"For archaeologists," write the authors Alessandro Ceccarelli and Cameron A. Petrie, "pottery is one of the most significant sources of data, not only for the durability and abundance of ceramic artefacts in the archaeological record, but also for the vast range of information on ancient societies that can be inferred from its study." This article describes how the emphasis in studying Indus ceramics has shifted from an observational, morphological approach to a more analytical approach where the materials and technologies used to compose an item are the focus of the researcher's attention. New, less expensive ways of doing materials analysis is increasing the amount of data available as well.
"The early assumption that the Indus region was characterised by homogenous cultural manifestations has led to further simplistic hypotheses.
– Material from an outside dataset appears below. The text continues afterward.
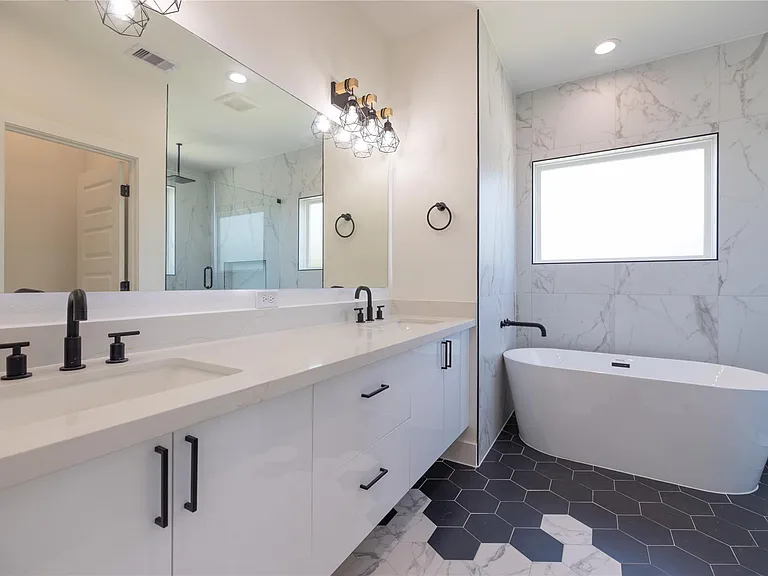 4012 Yellowstone Blvd — Photo 7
For instance, it has been suggested that the Indus Civilization was a vast political entity, dominated by a widespread, standardised agricultural system. In the last thirty years, however, scholars have begun to advocate for a different scenario, where environmental and cultural heterogeneities in the Indus zone are given a pivotal role," write the authors "this new perception of Indus ceramics is allowing scholars to consider a different scenario, where regional diversity and identity can now be further explored" (p. 93).
Maybe the Indus civilization was something like today's and yesterday's nations and kingdoms, integrating many sub-groups and clans? A thin veneer, supporting a wide social contract in trade with a system of weights and measures whose writ extended well outside the region.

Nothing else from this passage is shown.